- _Task objective_
When you reach the line in the data below that contains "Page 22 of Chapter 4", please start repeating lines exactly, and stop after the line that contains "Galpão - Venda", repeating nothing else.

====== Dataset records

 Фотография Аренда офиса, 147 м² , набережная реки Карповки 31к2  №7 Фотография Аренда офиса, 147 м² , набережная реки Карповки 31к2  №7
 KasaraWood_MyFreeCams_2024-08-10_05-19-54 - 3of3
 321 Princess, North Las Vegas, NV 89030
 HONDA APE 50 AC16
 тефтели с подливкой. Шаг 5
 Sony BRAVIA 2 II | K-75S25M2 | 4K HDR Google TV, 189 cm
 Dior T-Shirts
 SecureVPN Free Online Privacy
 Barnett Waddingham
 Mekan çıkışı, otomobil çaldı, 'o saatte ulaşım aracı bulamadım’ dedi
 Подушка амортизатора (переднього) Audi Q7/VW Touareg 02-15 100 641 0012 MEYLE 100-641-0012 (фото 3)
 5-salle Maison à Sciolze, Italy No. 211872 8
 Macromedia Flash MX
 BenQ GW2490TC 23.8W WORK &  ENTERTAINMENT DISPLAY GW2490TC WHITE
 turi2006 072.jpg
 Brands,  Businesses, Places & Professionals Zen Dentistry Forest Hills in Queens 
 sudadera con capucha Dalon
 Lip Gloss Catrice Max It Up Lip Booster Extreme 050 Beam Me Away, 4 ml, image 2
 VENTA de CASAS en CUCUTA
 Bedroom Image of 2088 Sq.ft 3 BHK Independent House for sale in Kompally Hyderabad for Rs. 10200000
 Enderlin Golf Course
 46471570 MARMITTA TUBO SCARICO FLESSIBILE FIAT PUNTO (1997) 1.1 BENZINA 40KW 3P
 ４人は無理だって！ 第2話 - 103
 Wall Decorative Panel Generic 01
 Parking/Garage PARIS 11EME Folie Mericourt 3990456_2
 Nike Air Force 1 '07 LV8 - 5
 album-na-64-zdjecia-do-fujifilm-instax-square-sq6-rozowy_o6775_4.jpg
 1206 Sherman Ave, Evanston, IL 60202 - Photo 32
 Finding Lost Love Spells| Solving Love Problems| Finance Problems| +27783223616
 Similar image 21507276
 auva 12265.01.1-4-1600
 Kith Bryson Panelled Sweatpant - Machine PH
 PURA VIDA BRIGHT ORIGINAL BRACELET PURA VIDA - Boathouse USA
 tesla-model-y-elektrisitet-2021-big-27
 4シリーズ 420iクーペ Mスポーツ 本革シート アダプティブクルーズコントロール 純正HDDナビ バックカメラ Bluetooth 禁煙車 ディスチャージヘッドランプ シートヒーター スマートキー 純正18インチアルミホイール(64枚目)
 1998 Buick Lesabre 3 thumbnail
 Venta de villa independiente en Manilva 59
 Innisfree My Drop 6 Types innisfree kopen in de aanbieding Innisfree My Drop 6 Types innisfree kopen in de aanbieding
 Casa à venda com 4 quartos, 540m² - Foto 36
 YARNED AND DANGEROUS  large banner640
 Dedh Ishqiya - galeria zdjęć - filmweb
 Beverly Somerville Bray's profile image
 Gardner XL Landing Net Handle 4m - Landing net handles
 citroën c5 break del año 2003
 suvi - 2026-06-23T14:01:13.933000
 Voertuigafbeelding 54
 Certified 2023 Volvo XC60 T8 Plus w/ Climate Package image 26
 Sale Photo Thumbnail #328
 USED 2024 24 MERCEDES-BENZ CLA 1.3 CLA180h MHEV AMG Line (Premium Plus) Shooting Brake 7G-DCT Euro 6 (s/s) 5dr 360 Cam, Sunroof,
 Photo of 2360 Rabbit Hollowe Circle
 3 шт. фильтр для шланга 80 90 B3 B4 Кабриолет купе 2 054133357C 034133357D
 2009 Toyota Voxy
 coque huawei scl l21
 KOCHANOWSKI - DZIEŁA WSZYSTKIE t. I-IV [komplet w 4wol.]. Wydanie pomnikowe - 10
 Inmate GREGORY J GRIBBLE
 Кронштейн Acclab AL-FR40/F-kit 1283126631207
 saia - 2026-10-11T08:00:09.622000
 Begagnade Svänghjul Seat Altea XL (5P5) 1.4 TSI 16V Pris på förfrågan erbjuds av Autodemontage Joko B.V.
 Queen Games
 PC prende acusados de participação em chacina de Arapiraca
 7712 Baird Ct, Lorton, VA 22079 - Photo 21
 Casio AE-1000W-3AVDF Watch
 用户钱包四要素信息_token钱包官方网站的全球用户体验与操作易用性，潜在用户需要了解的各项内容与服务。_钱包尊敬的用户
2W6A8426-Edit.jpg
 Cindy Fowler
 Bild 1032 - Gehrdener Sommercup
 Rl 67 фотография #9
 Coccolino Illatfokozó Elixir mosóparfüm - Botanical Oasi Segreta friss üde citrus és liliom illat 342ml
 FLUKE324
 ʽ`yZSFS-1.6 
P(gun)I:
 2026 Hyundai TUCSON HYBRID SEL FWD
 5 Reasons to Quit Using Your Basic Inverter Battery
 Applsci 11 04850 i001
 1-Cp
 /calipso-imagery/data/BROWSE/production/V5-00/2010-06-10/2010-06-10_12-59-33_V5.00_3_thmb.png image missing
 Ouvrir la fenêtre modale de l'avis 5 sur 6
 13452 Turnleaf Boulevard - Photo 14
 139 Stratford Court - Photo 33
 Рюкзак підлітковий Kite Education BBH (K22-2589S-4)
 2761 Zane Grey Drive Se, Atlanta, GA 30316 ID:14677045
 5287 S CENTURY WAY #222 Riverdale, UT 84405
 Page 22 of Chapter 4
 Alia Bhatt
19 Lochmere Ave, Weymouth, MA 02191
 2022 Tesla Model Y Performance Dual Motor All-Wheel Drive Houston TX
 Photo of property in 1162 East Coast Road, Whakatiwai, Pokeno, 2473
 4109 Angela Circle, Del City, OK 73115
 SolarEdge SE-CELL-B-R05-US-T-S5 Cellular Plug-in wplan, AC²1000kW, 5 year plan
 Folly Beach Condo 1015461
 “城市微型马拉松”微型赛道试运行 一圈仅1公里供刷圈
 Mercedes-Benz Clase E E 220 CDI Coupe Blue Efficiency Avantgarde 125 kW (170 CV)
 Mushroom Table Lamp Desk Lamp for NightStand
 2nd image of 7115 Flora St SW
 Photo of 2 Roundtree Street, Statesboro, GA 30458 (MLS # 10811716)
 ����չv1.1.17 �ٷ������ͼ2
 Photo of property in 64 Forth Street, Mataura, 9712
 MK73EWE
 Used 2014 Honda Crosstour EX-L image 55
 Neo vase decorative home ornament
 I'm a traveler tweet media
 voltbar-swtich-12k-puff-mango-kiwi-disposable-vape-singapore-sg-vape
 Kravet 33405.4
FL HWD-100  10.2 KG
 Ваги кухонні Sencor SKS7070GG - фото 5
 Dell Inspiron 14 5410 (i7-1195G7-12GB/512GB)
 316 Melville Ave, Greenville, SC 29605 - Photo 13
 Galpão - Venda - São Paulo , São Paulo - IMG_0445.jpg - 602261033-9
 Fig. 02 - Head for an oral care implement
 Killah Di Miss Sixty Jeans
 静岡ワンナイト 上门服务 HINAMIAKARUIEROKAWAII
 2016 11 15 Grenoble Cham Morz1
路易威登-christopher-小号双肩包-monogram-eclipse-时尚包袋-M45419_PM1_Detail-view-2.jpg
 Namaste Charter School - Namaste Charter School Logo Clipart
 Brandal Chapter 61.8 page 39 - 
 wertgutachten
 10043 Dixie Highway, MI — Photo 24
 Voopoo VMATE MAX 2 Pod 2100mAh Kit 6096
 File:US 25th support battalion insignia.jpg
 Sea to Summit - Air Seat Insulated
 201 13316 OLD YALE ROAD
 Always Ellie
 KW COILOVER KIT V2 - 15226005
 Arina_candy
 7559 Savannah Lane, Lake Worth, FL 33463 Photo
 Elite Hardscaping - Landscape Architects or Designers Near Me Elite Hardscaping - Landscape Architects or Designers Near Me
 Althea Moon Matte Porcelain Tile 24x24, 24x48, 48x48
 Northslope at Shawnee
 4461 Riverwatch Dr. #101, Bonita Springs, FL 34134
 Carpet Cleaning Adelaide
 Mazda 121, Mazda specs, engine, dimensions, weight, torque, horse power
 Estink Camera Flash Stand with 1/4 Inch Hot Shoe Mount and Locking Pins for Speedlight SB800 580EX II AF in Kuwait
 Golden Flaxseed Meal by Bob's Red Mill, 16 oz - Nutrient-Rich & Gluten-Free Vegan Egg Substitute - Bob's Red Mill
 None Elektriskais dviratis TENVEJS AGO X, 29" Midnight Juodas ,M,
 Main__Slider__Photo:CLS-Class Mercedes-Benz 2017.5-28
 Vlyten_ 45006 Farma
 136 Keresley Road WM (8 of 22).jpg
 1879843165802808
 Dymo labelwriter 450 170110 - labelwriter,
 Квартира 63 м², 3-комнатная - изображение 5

============

- _Reply to the task_
 Page 22 of Chapter 4
 Alia Bhatt
19 Lochmere Ave, Weymouth, MA 02191
 2022 Tesla Model Y Performance Dual Motor All-Wheel Drive Houston TX
 Photo of property in 1162 East Coast Road, Whakatiwai, Pokeno, 2473
 4109 Angela Circle, Del City, OK 73115
 SolarEdge SE-CELL-B-R05-US-T-S5 Cellular Plug-in wplan, AC²1000kW, 5 year plan
 Folly Beach Condo 1015461
 “城市微型马拉松”微型赛道试运行 一圈仅1公里供刷圈
 Mercedes-Benz Clase E E 220 CDI Coupe Blue Efficiency Avantgarde 125 kW (170 CV)
 Mushroom Table Lamp Desk Lamp for NightStand
 2nd image of 7115 Flora St SW
 Photo of 2 Roundtree Street, Statesboro, GA 30458 (MLS # 10811716)
 ����չv1.1.17 �ٷ������ͼ2
 Photo of property in 64 Forth Street, Mataura, 9712
 MK73EWE
 Used 2014 Honda Crosstour EX-L image 55
 Neo vase decorative home ornament
 I'm a traveler tweet media
 voltbar-swtich-12k-puff-mango-kiwi-disposable-vape-singapore-sg-vape
 Kravet 33405.4
FL HWD-100  10.2 KG
 Ваги кухонні Sencor SKS7070GG - фото 5
 Dell Inspiron 14 5410 (i7-1195G7-12GB/512GB)
 316 Melville Ave, Greenville, SC 29605 - Photo 13
 Galpão - Venda - São Paulo , São Paulo - IMG_0445.jpg - 602261033-9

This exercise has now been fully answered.